_What is being asked_: Return the whole listing unchanged. Drop the images.

_Exercise data_:
========

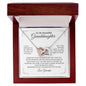 To My Beautiful Granddaughter - Interlocking Hearts Necklace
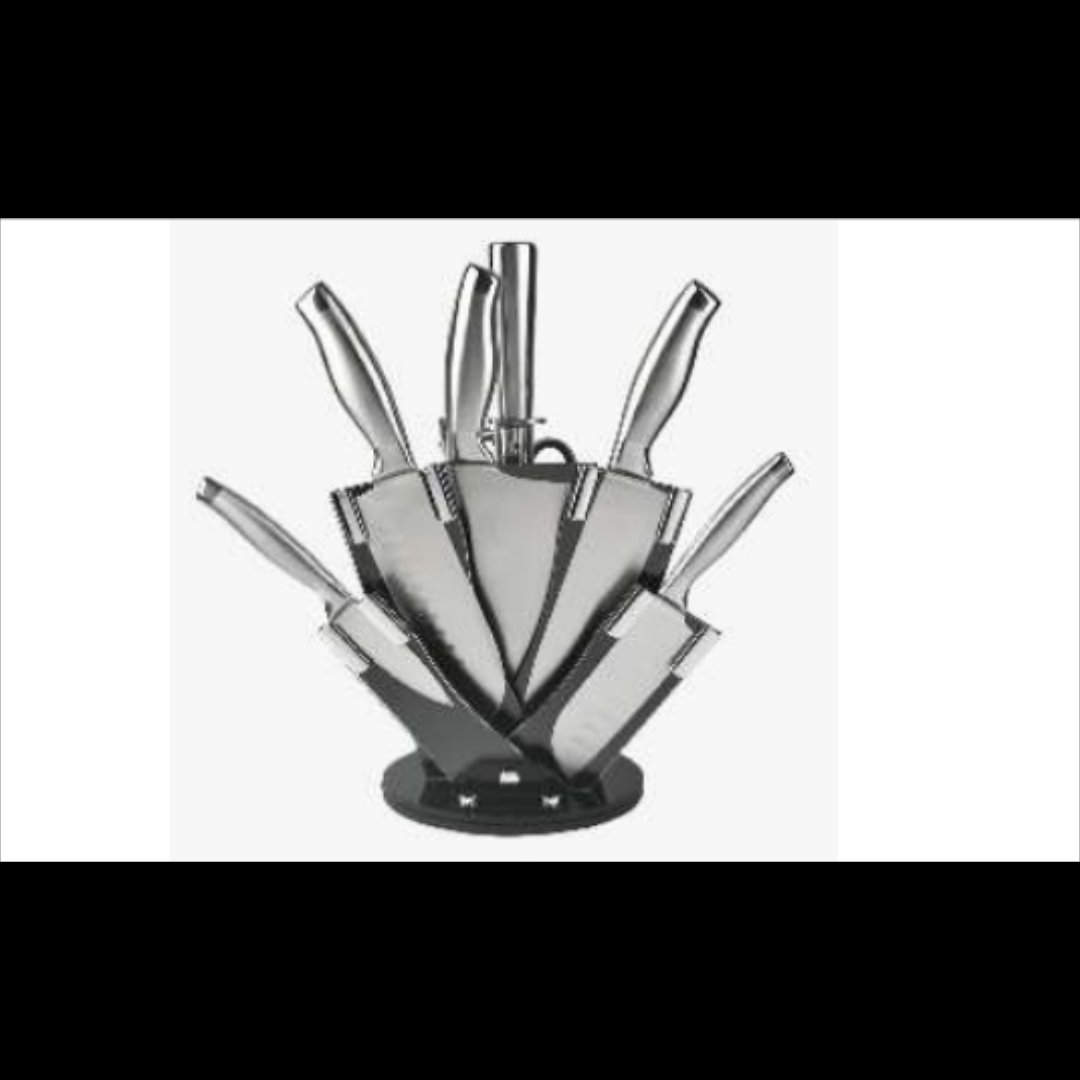 سرویس کارد آشپزخانه 9 پارچه استیل کد 8013S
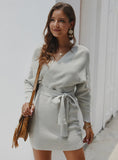 WINTER SEXY WARM SWEATER DRESS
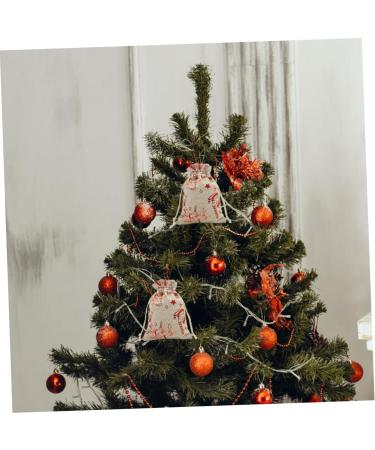 Alipis 1 Set Christmas Calendar Christmas Banner Wooden Decor Xmas Favor Bags Cotton Small Cloth Bag - Buy Online on GoSupps.com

========

_Output of the task_:
 To My Beautiful Granddaughter - Interlocking Hearts Necklace
 سرویس کارد آشپزخانه 9 پارچه استیل کد 8013S
 WINTER SEXY WARM SWEATER DRESS
 Alipis 1 Set Christmas Calendar Christmas Banner Wooden Decor Xmas Favor Bags Cotton Small Cloth Bag - Buy Online on GoSupps.com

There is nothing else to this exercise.